Ya lo dijo el maestro García Márquez, “la vida no es la que uno vivió,
sino la que uno recuerda y cómo la recuerda para contarla”, ya comentamos que
Sergio del Molino no es el primero en señalar que, de una manera u otra,
necesitamos hacer el relato de lo que (nos) pasa, que sólo así asumimos las
tragedias, los problemas y angustias que son (o deberían ser) de la gente mayor
como cantaba Roberto Carlos siendo un niño eterno que sólo quiere llorar en los
brazos de su madre y que ésta le cuente un cuento bonito para ahuyentar la
aflicción y conducirle a un sueño reparador, que en esa construcción ficticia
(con ciertas comillas, puesto que no deja de ser lo que nos pasó, o sea, algo
muy real) vamos poniendo parches para que el gas no escape, algo muy notorio en
el momento en que nos enfrentamos a la inevitable, a la que siempre llega, a la
que siempre está, a la muerte: “No apretar los dientes, no decir vaya puta
mierda y no dar escape a la rabia son tres de las funciones más importantes de
los funerales, que nos impelen a ser elegantes, a medir los gestos de las manos
y a cuidar el tono de voz.

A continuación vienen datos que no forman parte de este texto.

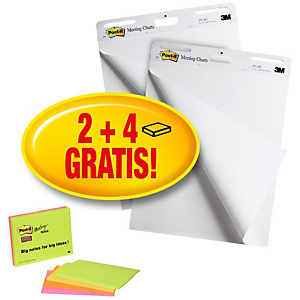 Post-it® Super Sticky 559P Blocco per lavagna a fogli mobili, 635 x 762 cm, Bianco, 30 fogli, 2 + 4 blocchetti di foglietti adesivi Meeting GRATIS Post-it® Super Sticky 559P Blocco per lavagna a fogli mobili, 635 x 762 cm, Bianco, 30 fogli, 2 + 4 blocchetti di foglietti adesivi Meeting GRATIS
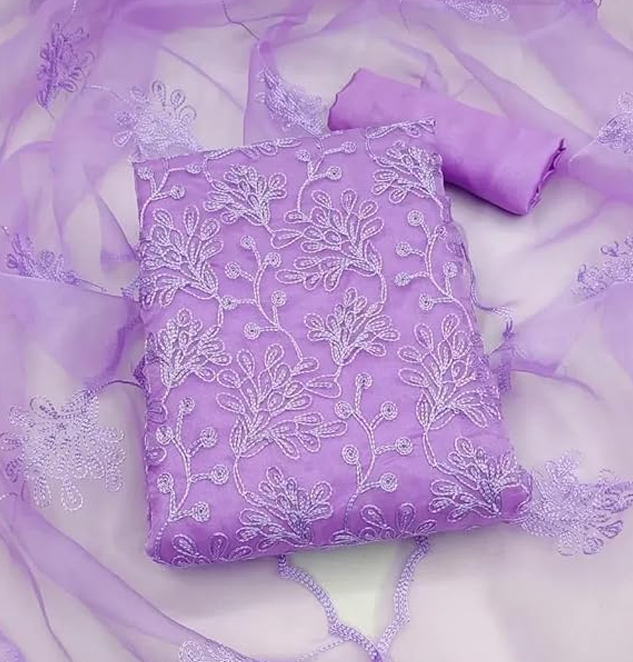 Women's Organza Embroidered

Civilizamos la muerte para seguir viviendo.” Claro,
de eso se trata, por eso estamos aquí tecleando, queriendo compartir (aunque
pueda no parecerlo por el tono lúgubre que hoy me invade y no abandona) el
entusiasmo por un libro que conmueve hasta el escalofrío en su (sólo aparente) contención,
en su pretendida (y lograda cuando conviene) frialdad, en su honesta
expresividad, en su meditada confesión, en su constante interrogarse, en cómo
transita entre el corazón y los asuntos (suyos y del resto) sin renunciar a su
particularidad, todo un ejemplo en el sentido de que cuando algo nos duele no
hay por qué resignarse (ni aun estando convencido de ello -o habiéndose dejado
convencer por la costumbre, la mirada de los otros, la buena o mala educación
recibida o dejada de recibir-) a ser un mártir o un héroe, no hay que
refugiarse en ese gesto amable de la canción de Jeanette, porque no hay que
desterrar la tristeza, no hay que prohibirla, esconderla es peor porque lo que
no se expresa se enquista y, entonces sí, la vida es totalmente insoportable y
es la pena (y el dolor) la que nos ahoga sin remisión.